Hampir satu setengah tahun perjuangan dilakukan Menteri ESDM Ignasius Jonan, 
Menteri Badan Usaha Milik Negara Rini Mariani Soemarno, Menteri Keuangan Sri 
Mulyani Indrawati, dan Direktur Utama PT Inalum Holding Budi Gunadi Sadikin 
untuk merealisasikan keinginan menjadi pemegang saham mayoritas di PT Freeport 
Indonesia.
 
Langkah tepat untuk menunjuk PT Danareksa dan beberapa perusahaan keuangan 
dunia untuk menjadi pihak yang melakukan due diligence terhadap valuasi rencana 
akuisisi karena mereka bebas dari kepentingan.
 
Harga US$3,85 miliar yang harus dibayarkan PT Inalum untuk melengkapi 
kepemilikan 9,37% saham agar menjadi pemegang saham mayoritas merupakan harga 
terbaik jika dibandingkan dengan penawaran awal Freeport-McMoRan yang di atas 
US$12 miliar. Pendanaan yang diambil dari obligasi di luar negeri juga 
merupakan langkah yang cerdik karena ibarat menangkap ikan, kita tidak sampai 
membuat keruh kolamnya.
 
Penjualan obligasi internasional dengan bunga di bawah 6% tergolong ekonomis, 
apalagi langkah itu tidak menambah tekanan terhadap nilai tukar rupiah. Kita 
memang masih mendengar ada kata sumbang dari akuisisi yang dilakukan PT Inalum. 

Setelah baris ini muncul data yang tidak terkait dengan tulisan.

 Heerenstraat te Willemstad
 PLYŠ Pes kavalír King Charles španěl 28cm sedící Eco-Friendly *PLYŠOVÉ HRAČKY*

Ini merupakan tipikal dari bangsa Indonesia yang suka 'asal beda'.
 
Mereka berpendapat pembelian itu dianggap terlalu mahal karena kita bisa 
mendapatkan kembali tambang Freeport secara gratis setelah berakhir kontrak 
karyanya pada 2021. Padahal, rezim pengelolaan tambang berbeda dengan rezim 
pengelolaan minyak dan gas. Apalagi, dalam kontrak lama ditegaskan, pihak 
operator diberi kesempatan untuk mengelola tambang hingga 2041.
 
Kita pun seperti menutup mata kepada kepentingan pihak Freeport-McMoRan. Seakan 
mereka hanya pihak yang mengambil untung dari kekayaan Indonesia. Kita lupa, 
ketika mereka datang ke Indonesia pada 1967, tidak ada perusahaan asing yang 
mau berinvestasi di Indonesia. Mereka berani mempertaruhkan investasi atas 
sesuatu yang ketika itu belum pasti hasilnya.
 
Bahwa kemudian Freeport-McMoRan berhasil mendapatkan deposit emas dan tambang 
yang besar, itu hasil dari eksplorasi yang tidak mengenal menyerah. Ketika 
pemerintah Indonesia kini ingin menjadi pemegang saham mayoritas, pasti 
tebersit perasaan bahwa mereka diperlakukan seperti 'habis manis, sepah 
dibuang'.
 
Namun, dengan pendekatan profesional yang kita lakukan, Presiden Direktur 
Freeport-McMoRan Richard Adkerson pun mau untuk memberikan sikap hormat kepada 
Presiden Jokowi saat closing pembelian saham oleh PT Inalum.
 
Sekarang PT Freeport Indonesia secara mayoritas sudah dimiliki perusahaan 
Indonesia. Manajemen baru pun sudah ditunjuk untuk menjalankan roda perusahaan. 
Seharusnya kita menghentikan perdebatan yang tidak perlu dan fokus bagaimana 
membantu perusahaan itu bisa memberikan manfaat sebesar-besarnya untuk 
kemakmuran rakyat.
 
Kita tidak pernah bosan mengatakan optimalisasi dari tambang tembaga jangan 
hanya menjadikan konsentrat menjadi tembaga. Pembangunan smelter tembaga yang 
akan dilakukan hanya akan memberi nilai tambah sekitar 5%. Nilai tambah lebih 
tinggi akan didapatkan apabila hasil tembaga mampu diserap industri 
elektronika, kabel, pipa, otomotif, dan bahkan persenjataan.
 
Tembaga, kita tahu, merupakan penghantar panas dan listrik yang baik. Semua 
industri pembuatan televisi, radio, pendingin ruangan, dan pemanas ruangan 
membutuhkan tembaga untuk produk mereka. Kabel listrik pun menggunakan tembaga 
untuk bagian dalamnya. Demikian radiator mobil, bahan utamanya ialah tembaga. 
Bahkan campur logam untuk laras senjata yang baik membutuhkan tembaga.
 Kita sudah menetapkan elektronika dan otomotif sebagai industri andalan di 
samping makanan dan minuman, tekstil dan produk tekstil, serta produk kimia. 
Penguasaan PT Freeport Indonesia seharusnya jangan hanya berhenti pada 
pengelolaan tambangnya. Kita harus menjadikan tambang tembaga ini sebagai modal 
untuk menjadi negara industri yang tangguh.